At approximately 15 feet into the trek, this piglet turned around and headed straight back for the barn. Not a hesitant glance. Not a mild slowdown. A full, headstrong retreat.
He was nudged forward. He sprinted backward.
He was blocked. He attempted parkour up the sort board.
He was guided forward. He sat down and refused to move, like a toddler protesting bedtime.
At about 100 feet, the piglet fake surrendered, walking just far enough to make it seem like progress was happening—only to bolt back toward the barn like he was training for the farm Olympics.
Meanwhile, in the Field…
While one piglet held the relocation hostage, the others were pushed and boarded into their field, one determined human guiding them solo. They may have been chaotic, but at least they were moving in the correct direction.
Once inside, the gate was closed, and the electric fence was turned on—a necessary precaution against rebellion. Naturally, the piglets tested it immediately because, of course, they did. After a few investigative sniffs, they accepted their new home, though it’s safe to assume Hogatha Christie is already sketching out an elaborate escape plan.
One Piglet vs. The World
While the others were getting settled, the barn-loyal piglet continued his protest performance in the background. His vocal range was impressive. He grunted, squealed, barked, and even threw in a few dramatic coughing noises—as if demanding sympathy for the great injustice of being removed from the barn.
With the others secure, attention turned to the final defector. He narrowed his eyes, suspicious of any motives, clearly contemplating another sprint back to the barn.

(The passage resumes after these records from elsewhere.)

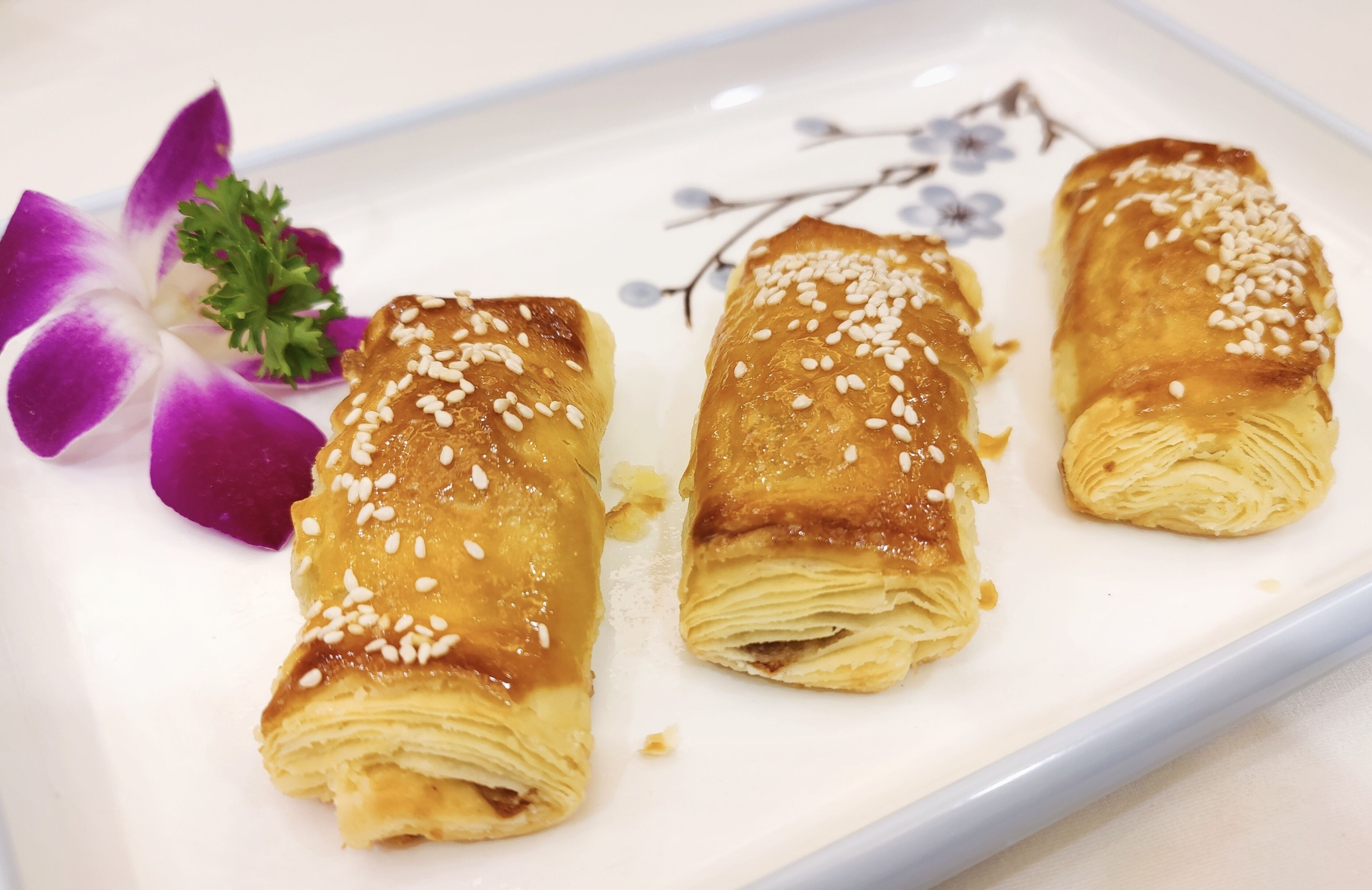 Three pastries on a white plate with sesame seeds, accompanied by a purple orchid and a sprig of parsley.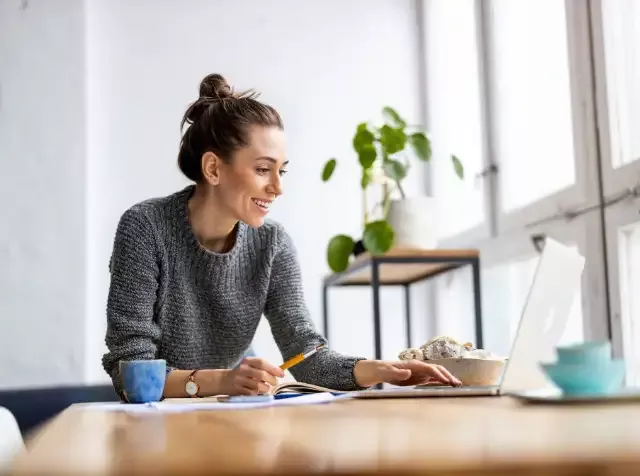 Eine Frau sitzt mit Laptop und Stift an einem Tisch und  freut sich über Mitarbeiterrabatte von ihrem Arbeitgeber, die von Pluxee optimiert wurden.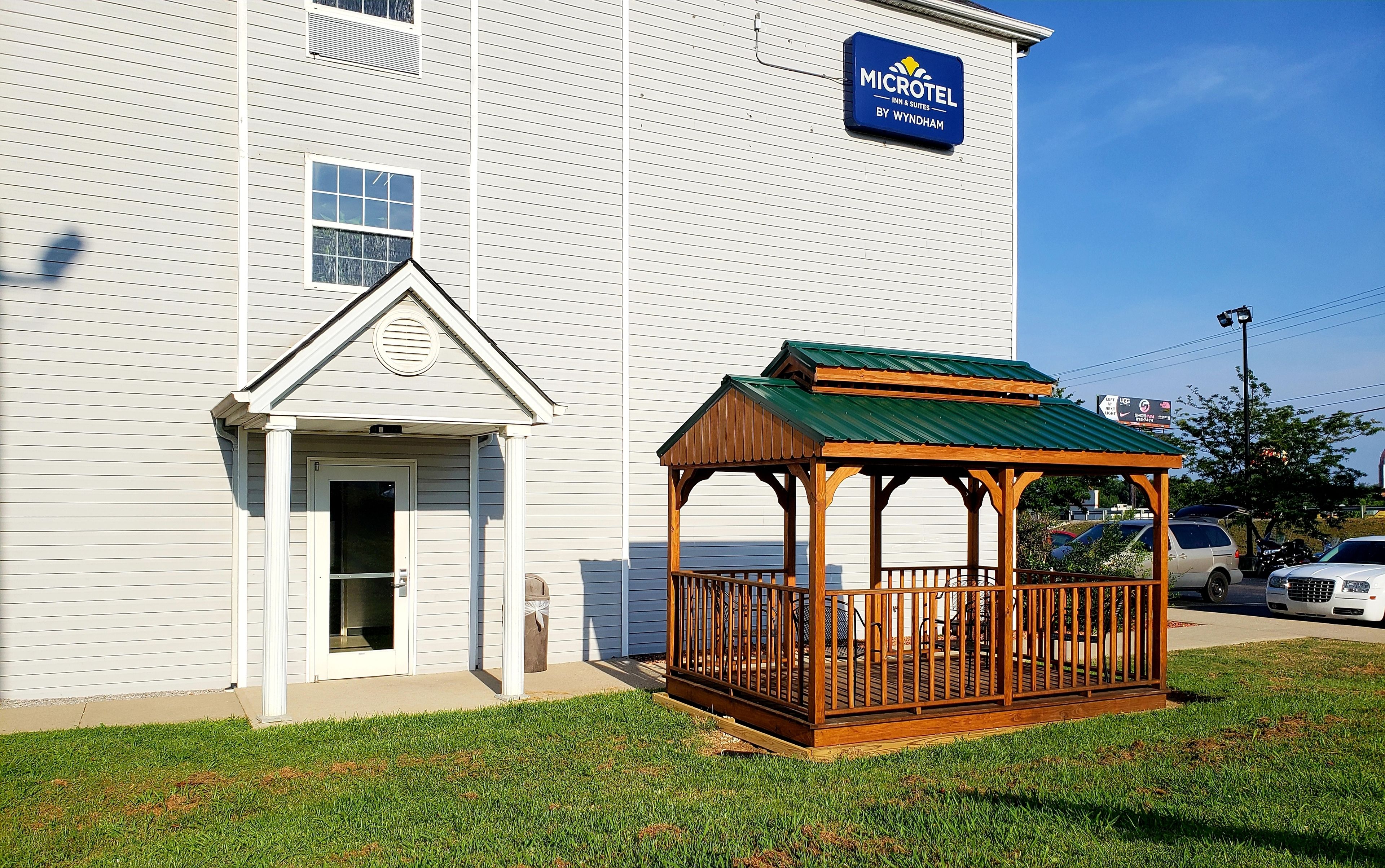 A white building with a blue sign for Microtel Inn & Suites by Wyndham.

Desperate for a breakthrough, a bribe was offered—a handful of piglet corn feed, waved enticingly and placed before him like the golden key to happiness. He hesitated. He sniffed. And then, ever so slowly, he made his way, waddling towards and into the field as if it had been his idea all along.
Victory? Sort of.
And so, the piglets are officially settled. The barn? Still emotionally wounded from one pig’s undying loyalty.
The piglet himself? Still not over it.
Us? Accepting that Worth the Wait Farm will never be short on entertainment.
Stay tuned for The Great Pig Chase, Part Three—which will undoubtedly occur the moment someone forgets to plug the electric fence back in after feeding or refilling the waterer. Because let’s be honest, it’s only a matter of time.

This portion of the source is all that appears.